A bankruptcy judge said Wednesday that managers of the Lehman Brothers estate can investigate whether Barclays got "too good of a deal" when it bought Lehman's broker-dealer unit last fall.
Barclays PLC bought the brokerage after emerging as the lone bidder in the chaotic week after Lehman filed for Chapter 11 protection on Sept. 15, 2008, touching off a global credit crisis. Now Lehman says it wants Barclays to hand over documents and let it interview employees to determine what Barclays actually paid.
The proceeds of the sale benefit the Lehman estate, which will pay off creditors who may have received nothing so far.
U.S. Bankruptcy Judge James Peck said in court, "We will get to the truth."
One issue Lehman seeks to investigate is how much Barclays paid to former Lehman employees who went to work at the British bank. It had originally promised to pay $2 billion in bonuses. Lehman lawyer Robert Gaffey of Jones Day said there is a possibility Barclays only paid $700 million of that.

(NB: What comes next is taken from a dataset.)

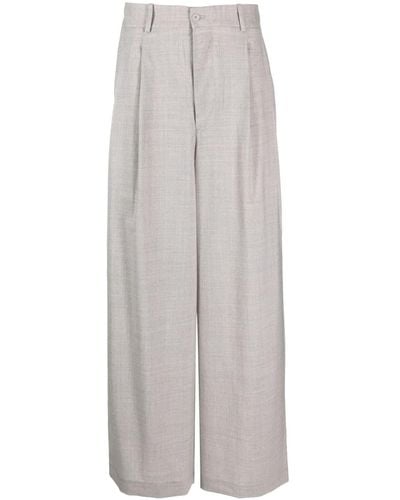 Hed Mayner Elongated Virgin-wool Trousers - Grey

Lehman's CEO, Bryan Marsal, has asked how much was paid and has not received an answer, Gaffey said.
Lehman lawyers also want to investigate whether Barclays gained $5 billion through an undisclosed "discount" in a $50 billion repurchase agreement tied to the sale. And it also plans to look into $1.5 billion Barclays was to pay to get out of certain contracts.

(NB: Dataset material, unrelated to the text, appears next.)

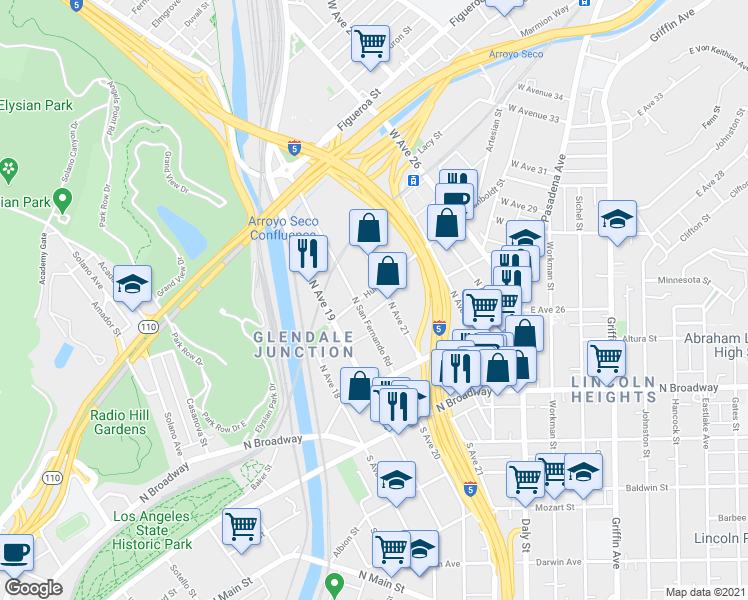 map of restaurants, bars, coffee shops, grocery stores, and more near 200 North San Fernando Road in Los Angeles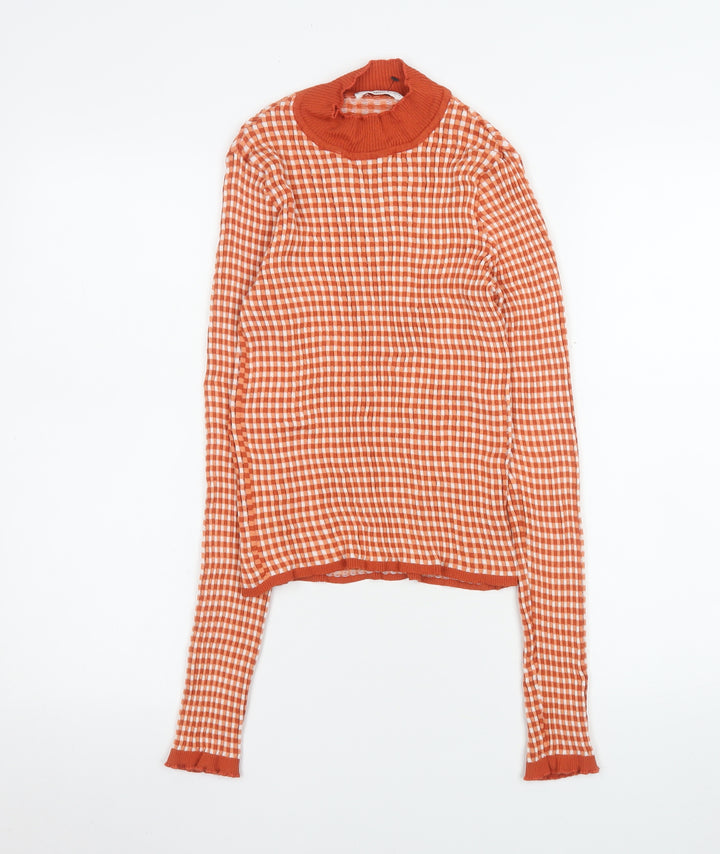 MNG Women’s Orange Check Roll Neck Long Sleeve Slim Fit Top - Size M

Peck sided with Lehman, saying that it deserved to know just what liabilities Barclays had absorbed. Peck said the sale agreement had been rushed, as an unprecedented financial crisis unfolded, and that it was possible mistakes had been made.
"What if they made a huge mistake because of the pressure of time?" Peck asked.
Barclays lawyer Hamish Hume had argued the investigation was redundant, since an independent examiner has already been appointed by the court.
"It's exceptionally broad and it's very intrusive," Hume said. Barclays spokesman Peter Truell said it does not expect the investigation to result in any additional claims and that it will continue to cooperate with Lehman.
Anton Valukas, a former federal prosecutor and specialist in white collar crime, is conducting an investigation to determine, in part, whether Lehman executives lied, committed fraud or mismanaged the company. He will also look into the Barclays deal.
Investigators from Lehman plan to coordinate with Valukas's team as well as representatives of the creditors committee and Securities Investor Protection Corp.
Valukas's report, originally expected to be complete in November, is likely to take longer than that, a lawyer who represents the examiner said.